Night game drive: Predators get more active at dawn so the night game drives can get more exciting. Animals are not that difficult to be spotted because the light of the rangers’ torch reflects into their eyes. Few parks offer these drives, specially those in Zambia and South Africa. Night game drives are more uncomfortable (it gets cold and you get more mosquitoes) but are more exciting (the sense of hearing sharpens allowing you to enjoy the sound of the African night).
Walking safari: This is definitely an exciting experience. Although animals are very difficult to spot (they usually avoid humans), you are accompanied by an armed ranger just for safety reasons. Walking safaris are the perfect way to discover the wildlife: learn about animal tracks and sounds, spot birds, learn the secrets of the bush…

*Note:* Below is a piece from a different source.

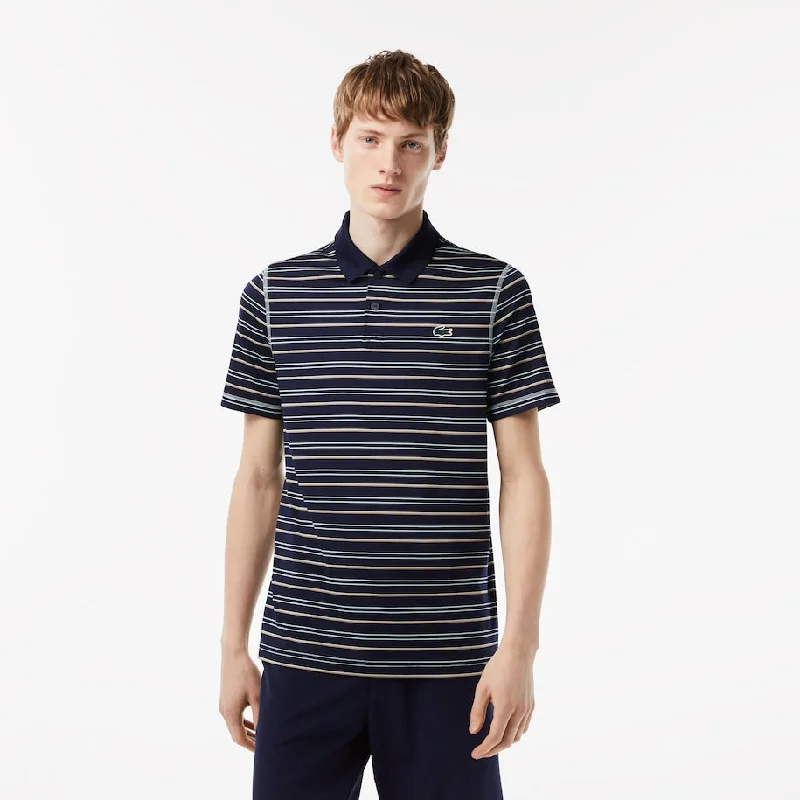 men’s short sleeve polo t-shirt for sports -Men’s Golf Recycled Polyester Stripe Polo Navy Blue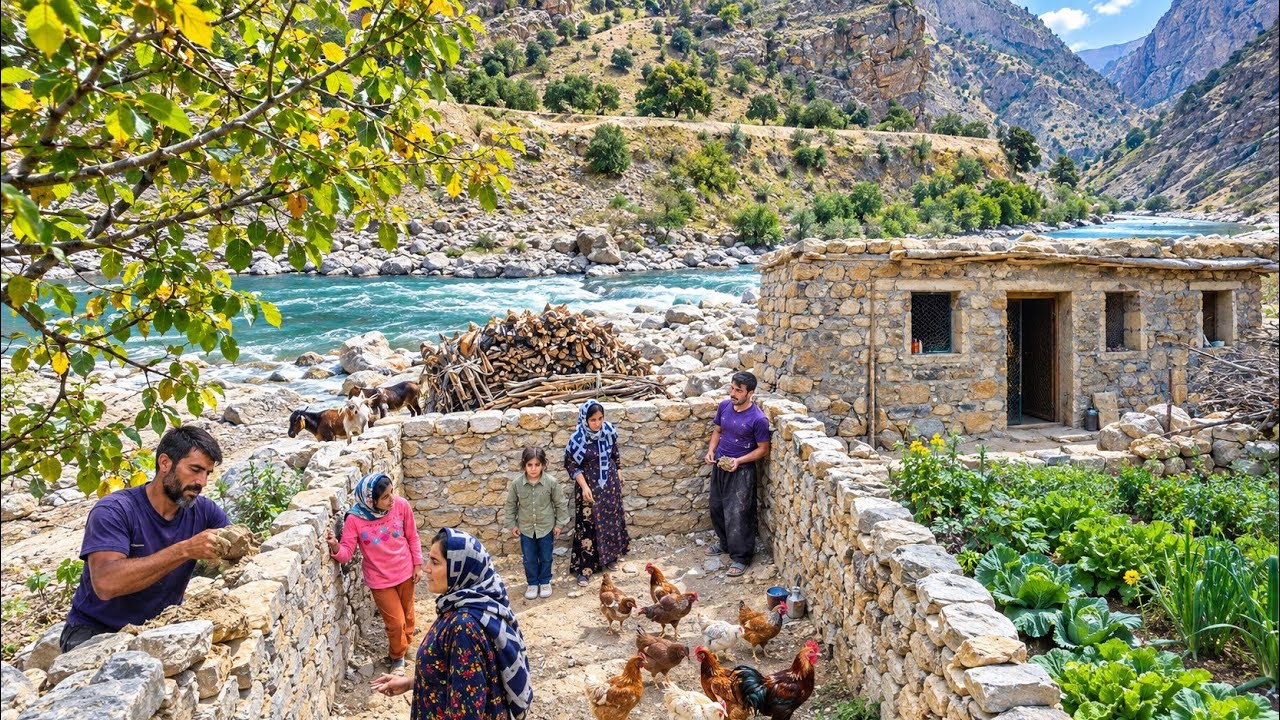 🪨 Building a shelter of stone and earth by the Khersan River | Nomadic resilience for survival ❄️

Canoe excursions: It gives you access to places unreachable by other modes of transport: quiet backwaters, floodplains and shallow sandy channels. The silence of the mokoro (canoe) allow you to get close to wildlife. The Okavango Delta (Botswana) is the place to go although you can enjoy great canoe excursions in Zambia, south Tanzania.
You can choose among various options:
Hotel: you will find them in the most popular National Parks. It is similar to placing a Sheraton in the middle of Africa. Not too romantic but very comfortable.
Camps: for people who demand exclusivity and privacy. It is an all included service so prices are per person, starting at 125$ and reaching 1.500$ per night. You usually sleep in a luxurious tent on raised teak platforms, in the middle of the bush. Although it is safe, at night you are not allowed to walk alone. They usually have a dining area overlooking the savannah, a swimming pool, a cocktail bar, a wildlife reference library and a campfire, where guests and rangers share stories about Africa. Even if it is not as comfortable as a hotel, this would be your choice if you have enough budget and are looking for a luxurious and exclusive African experience.
Overland: the perfect option for people with a low budget willing to experience an adventure in Africa. It is a way of travelling through Africa via road, with a group of like-minded travellers. Overland vehicles are custom built and designed to deal with travel conditions in Africa. Most overlanding is based on camping adventures. For more info, visit Overlanding Africa or Kananga (if you’re in Spain).
It depends on which part of Africa you go, but basically, you can differentiate two seasons.
Dry season: From April to October are the cooler winter months which have lovely warm days but cold nights. Traditionally, the best season for game viewing as the vegetation becomes sparse and water is restricted to rivers and artificial waterholes. In my opinion, the best time to visit Africa is from June to November.
Wet season: it starts in November and ends in March. The dry bushland comes to life after the rains, as well as the insects, with an abundance of wild flowers. The game becomes harder to see as numerous waterholes fill up and the foliage becomes thicker.